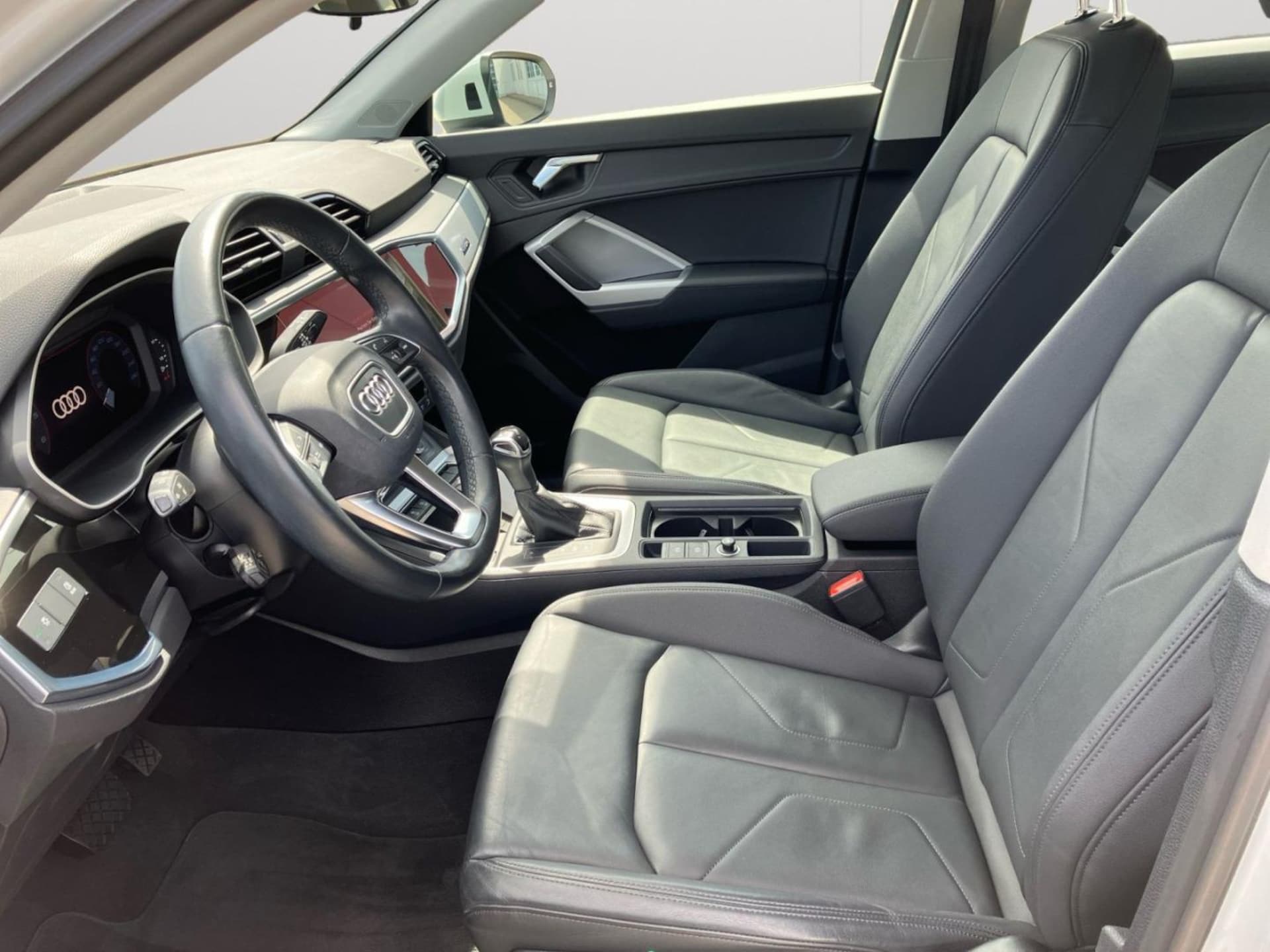 Audi Q3 Sportback S line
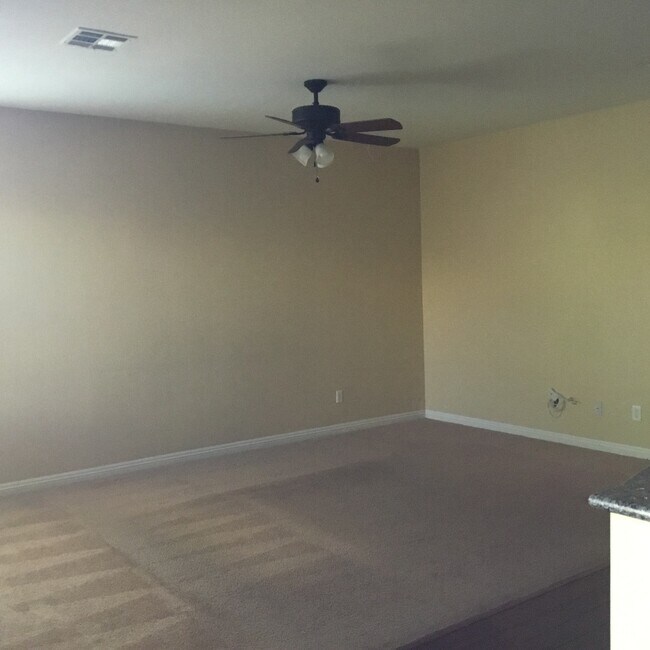 Building Photo - Northwest 4 Bedroom Beauty!!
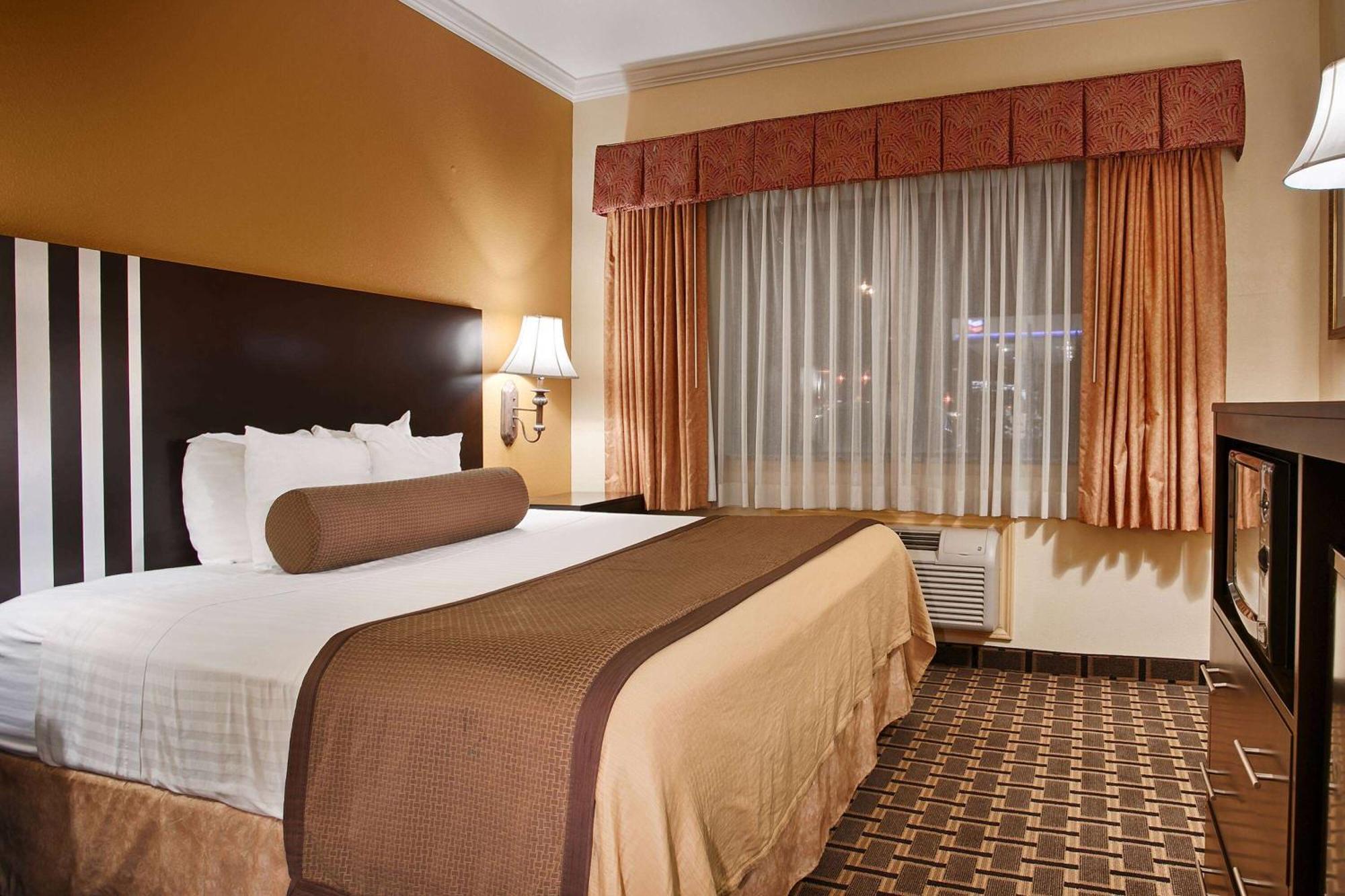 Jersey Village Days Inn & Suites By Wyndham Sam Houston Tollway מראה חיצוני תמונה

Exercise brief >>
Write out the whole listing again, exactly, with no pictures.

Finished exercise >>
 Audi Q3 Sportback S line
 Building Photo - Northwest 4 Bedroom Beauty!!
 Jersey Village Days Inn & Suites By Wyndham Sam Houston Tollway מראה חיצוני תמונה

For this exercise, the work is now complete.